Closing the Data Downtime Gap

Barr Moses
3 min readJul 2, 2019
Photo by Joshua Sortino on Unsplash

“Our data is 100% reliable” — said no one ever.

In a previous blog post, I wrote about “data downtime” and its meaning for data-driven companies. As data becomes more mission-critical to organizations and more complex for data teams to manage, we’ll see the rise of data downtime in importance and urgency. Companies have various approaches to managing data downtime; those who have mastered it start by realizing it requires proactive, systemic attention.

Companies that are able to manage data downtime achieve great benefits.

Here are a few:

  • Data teams significantly reduce the amount of time spent on fire drills, escalations and troubleshooting data issues. Instead, they can focus on building great infrastructure and deriving value out of data.
  • Data teams move faster on changing, adding, or upgrading their data infrastructure, since they can reliably know things are not going to break along the way.
  • Data teams gain the trust and respect of business executives, product managers and other stakeholders since they present consistently trustworthy data.

Much has been written about solutions, some great examples include these from Intuit and Netflix — yet I’ve found there still isn’t a standard industry best practice. Curious as to why, I interviewed and collected information from over 80 organizations about their approach to data downtime. Here are some of my observations:

Data downtime happens to almost everyone on their quest to become data-driven. There are various degrees of severity, but it’s not unique or isolated to a specific industry, skill set, technology or organizational structure. So in case you’re wondering — no, you’re not alone. :)
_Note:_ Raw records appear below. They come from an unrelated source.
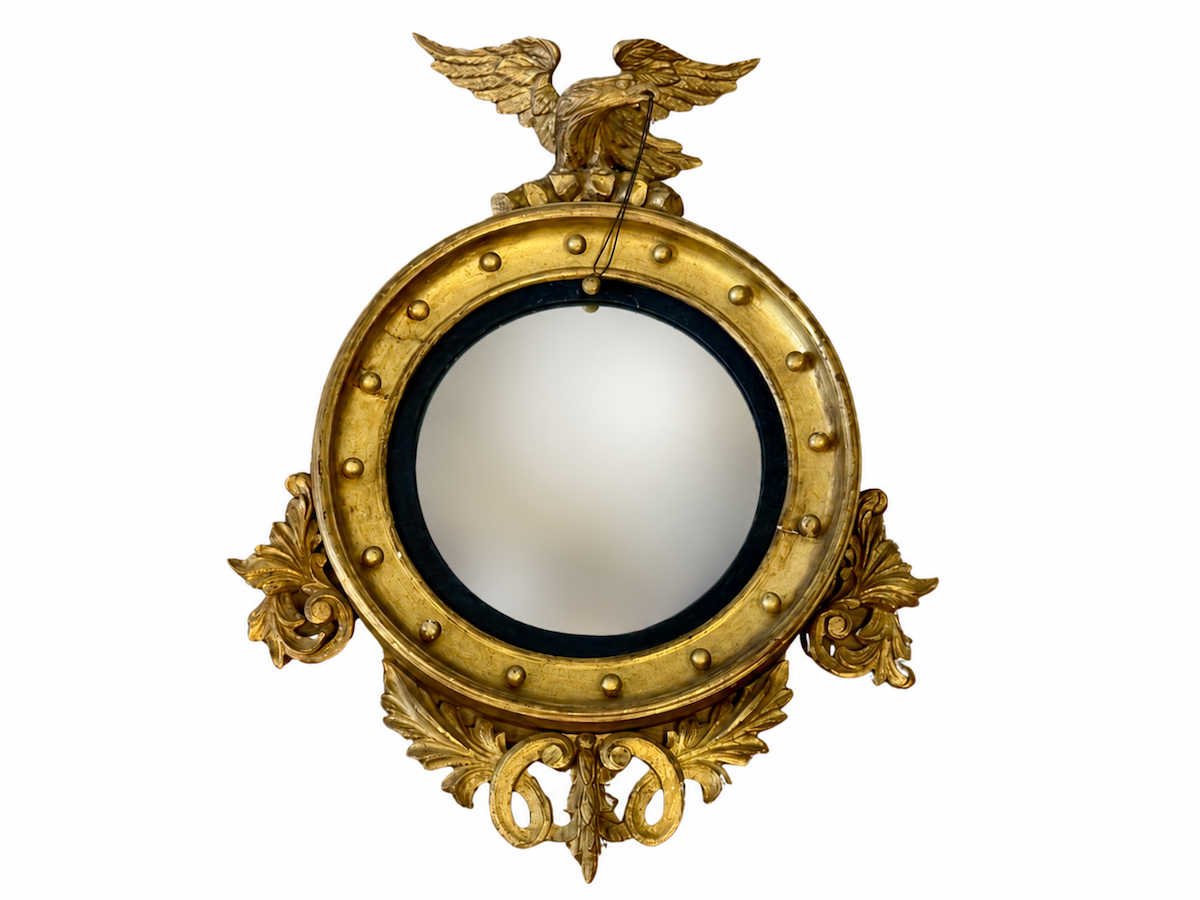 Late 18th C. George III Regency Style Giltwood Convex Mirror, circa 1780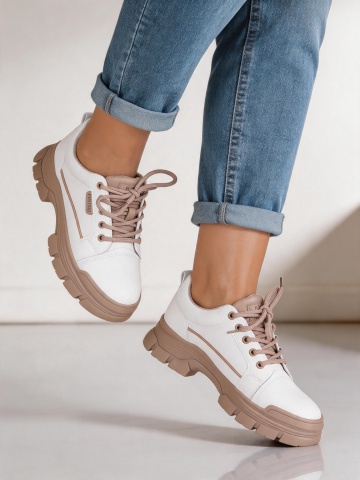 Pantofi dama casual kaki cu siret si talpa groasa H33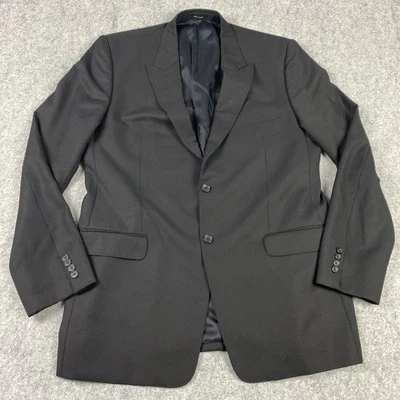 Versace Blazer Mens 58 Black Wool 2 Button Sport Coat Jacket Classic Suit Italy - Image 1 of 4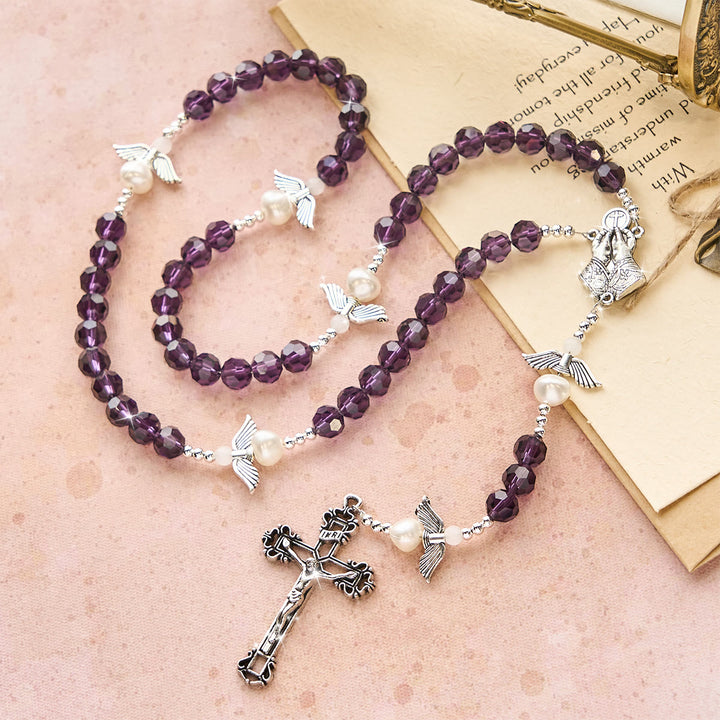 Christianartworkshop Angel-Wreathed Purple Rosary: Let Angels Weave Grace Into Your Prayers - image 1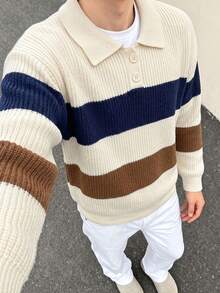 1pc Boys Teenager Striped Colorblock Half-Zip Sweater, Suitable For Commuting And School, Autumn/Winter - Apricot - View 1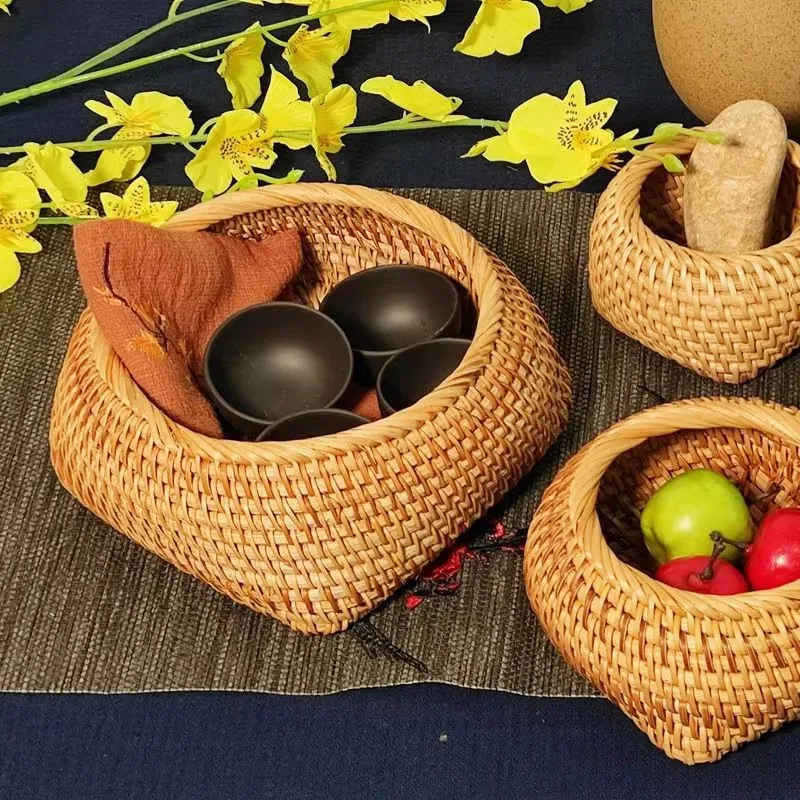 Autumn Vine Beauty Vietnam Vine Weaving Tian Yuan Local Desktop Storage Small Basket Round Tea Table Basket Go Box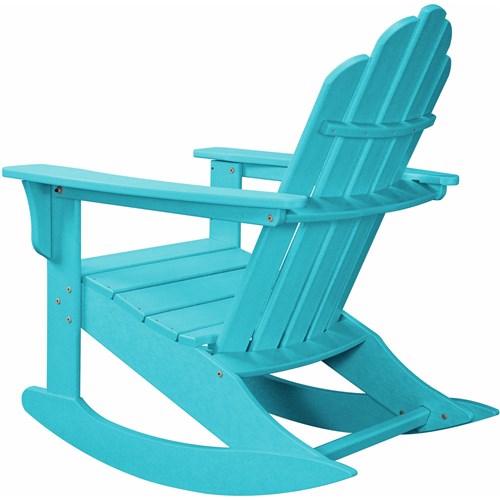 Hanover - Hanover All-Weather 3pc Rocking Chair Set: 2 Ad.Chairs, 19"x15" Table - Blue, Aruba-United Backyard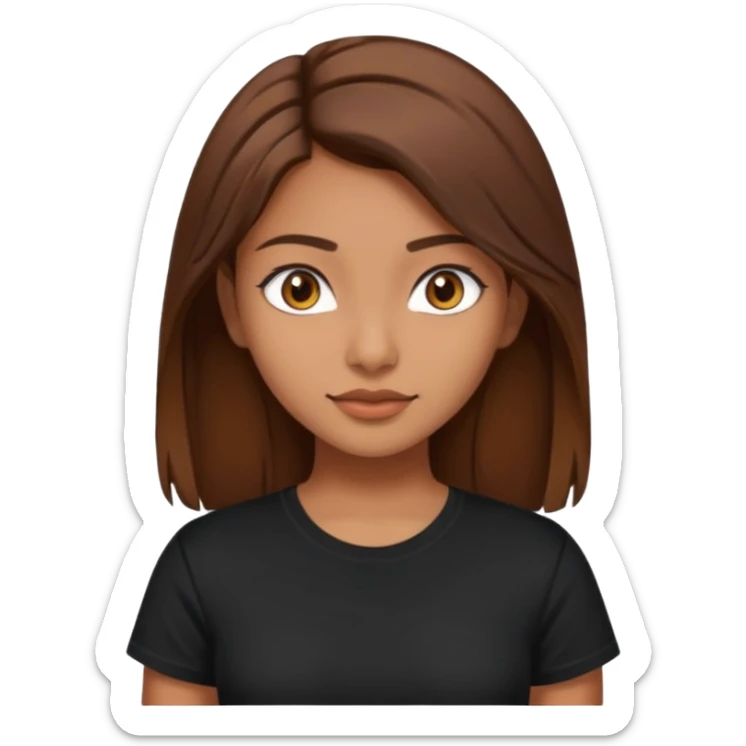 a pretty fair indian bratz girl with brown hair. with a black tshirt sticker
Organizations follow a journey on their path to realizing maximal data uptime — I call it the data reliability maturity curve. The journey typically starts when the company begins to experience hyper-growth, starts using data in a new and intense way, and/or as a result of an important business metric or customer which has been impacted due to bad data.

The data reliability maturity curve

There are four main steps in the data reliability journey:

#1 Reactive: data teams start their morning with the daily fire-drill, and spend the first half of their day triaging a data problem. They spend significant amounts of time in crisis mode and are slow to make progress on important initiatives. As a result, the organization struggles to use data effectively in the product, machine learning algorithms, or business decision making.

#2 Proactive: the data team develops manual sanity checks and custom QA queries to validate their work, perhaps also receive Slack or email alerts when things go wrong. This requires discipline and active collaboration between engineering, data engineering, data analysts, and data scientists. Examples:

  • Validating row counts in critical stages of the pipelines
  • Tracking time stamps to ensure freshness of the data

#3 Automated: having reliable, accurate data becomes a priority. Validation queries are run on a schedule and have broader coverage of pipelines. Teams have a data health dashboard they use to view issues, troubleshoot and direct others in the organization to learn about up-to-date status of data. Examples:

  • Tracking metrics about dimensions and measures, storing in a time-series database to track trends and changes
  • Monitor and enforce schema in the ingest process

#4 Scalable: the data team draws on concepts from dev ops and institutes a staging environment, reusable components for validation, and/or hard and soft alerts for data errors. There is substantial coverage of mission-critical data and the team is on top of issues before they propagate downstream. Examples:

  • Anomaly detection to detect issues in all key metrics
  • Tooling to allow every job and table to easily be monitored and tracked for quality

In a recent poll I conducted among ~50 data professionals, more than 60% indicated they are currently in the earlier stages of the data reliability journey, however they are taking concrete steps in their roadmap to move up the curve.

Where are you in your data reliability journey, and where do you want to be by the end of 2019?